Work request: For this exercise, output exactly and only the lines running from the one with "Archaic マツダ MX-5" through the final line of the data below, without pictures.

Data shown:

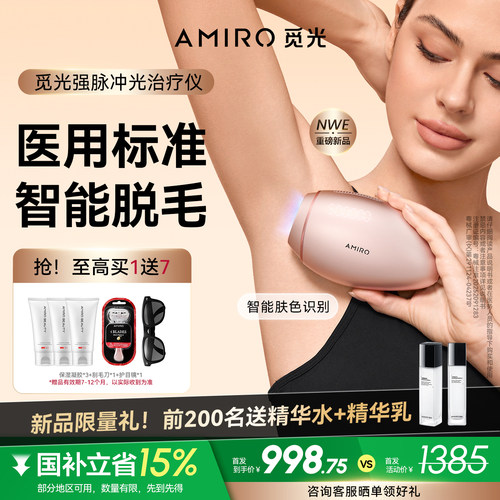 AMIRO觅光蓝宝石智能脱毛仪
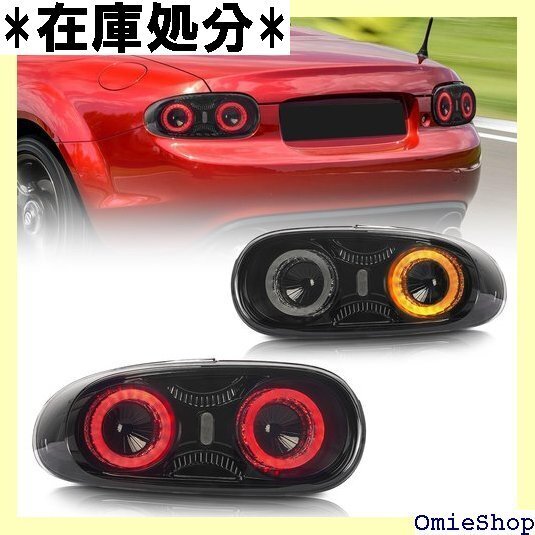 Archaic マツダ MX-5 ロードスター NC系 ts for Mazda NC2 NC3 スモークレンズ 3470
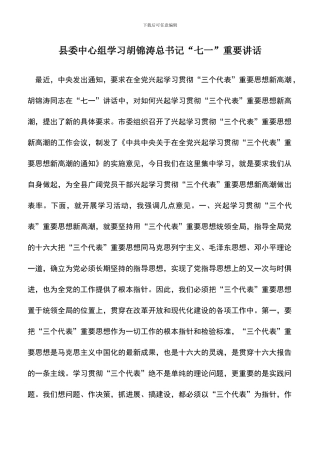 遴选文档：县委中心组学习总书记“七一”重要讲话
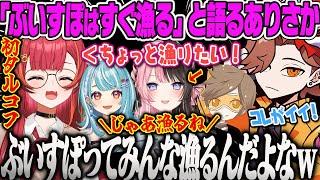 【猫汰つな】ぶいすぽはやっぱりみんな漁ると語るありさか先生とねこたつ初タルコフ【白波らむね、デューク、ひなーの、じゃあ漁るね、Escape from Tarkov、ぶいすぽ】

Exercise result:
 Archaic マツダ MX-5 ロードスター NC系 ts for Mazda NC2 NC3 スモークレンズ 3470
 遴选文档：县委中心组学习总书记“七一”重要讲话
 【猫汰つな】ぶいすぽはやっぱりみんな漁ると語るありさか先生とねこたつ初タルコフ【白波らむね、デューク、ひなーの、じゃあ漁るね、Escape from Tarkov、ぶいすぽ】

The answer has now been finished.